Hybrid Top-Down Global Causal Discovery with Local Search for Linear and Nonlinear Additive Noise Models
Sujai Hiremath, Jacqueline R. M. A. Maasch, Mengxiao Gao, Promit Ghosal, Kyra Gan
TL;DR
The paper tackles scalable causal discovery from observational data by combining local-to-global reasoning with top-down and nonparametric edge pruning. It introduces two hierarchical topological sort algorithms: LHTS for linear non-Gaussian ANMs and NHTS for nonlinear ANMs, each exploiting local ancestral or parental relationships to reduce regressions and conditioning set sizes.
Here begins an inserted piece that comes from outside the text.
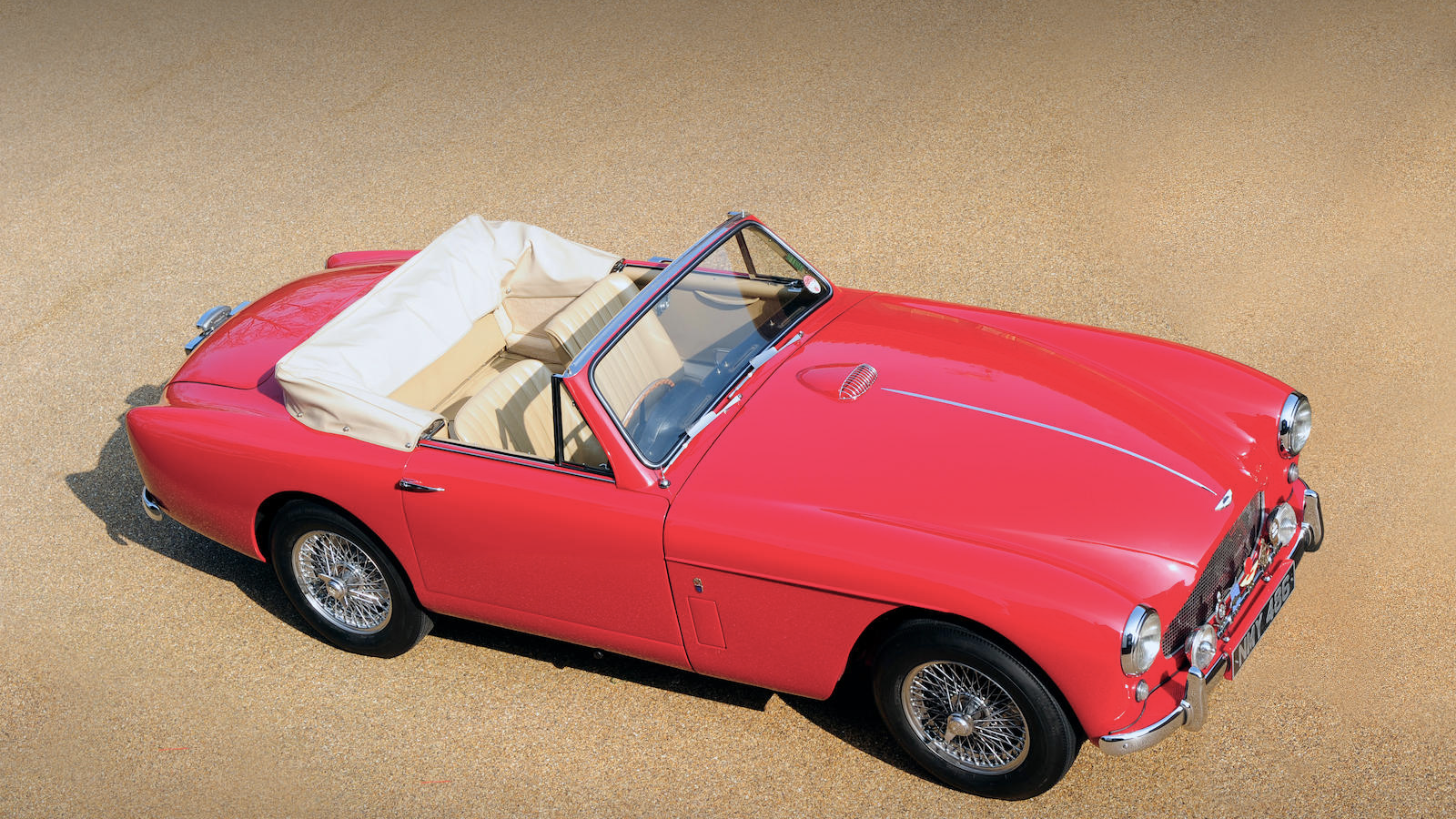 These Aston Martins just sold for millions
A nonparametric constraint-based edge discovery (ED) step then prunes spurious edges using targeted conditioning, with theoretical guarantees and polynomial-time complexities. Empirically, the methods yield higher topological accuracy and edge-recovery rates than state-of-the-art baselines on synthetic data, particularly in sparse graphs, while offering favorable runtimes for nonlinear settings. Collectively, the work advances efficient, flexible causal discovery across linear and nonlinear regimes with measurable practical impact for high-dimensional applications.
Abstract
Learning the unique directed acyclic graph corresponding to an unknown causal model is a challenging task. Methods based on functional causal models can identify a unique graph, but either suffer from the curse of dimensionality or impose strong parametric assumptions. To address these challenges, we propose a novel hybrid approach for global causal discovery in observational data that leverages local causal substructures. We first present a topological sorting algorithm that leverages ancestral relationships in linear structural causal models to establish a compact top-down hierarchical ordering, encoding more causal information than linear orderings produced by existing methods. We demonstrate that this approach generalizes to nonlinear settings with arbitrary noise. We then introduce a nonparametric constraint-based algorithm that prunes spurious edges by searching for local conditioning sets, achieving greater accuracy than current methods. We provide theoretical guarantees for correctness and worst-case polynomial time complexities, with empirical validation on synthetic data.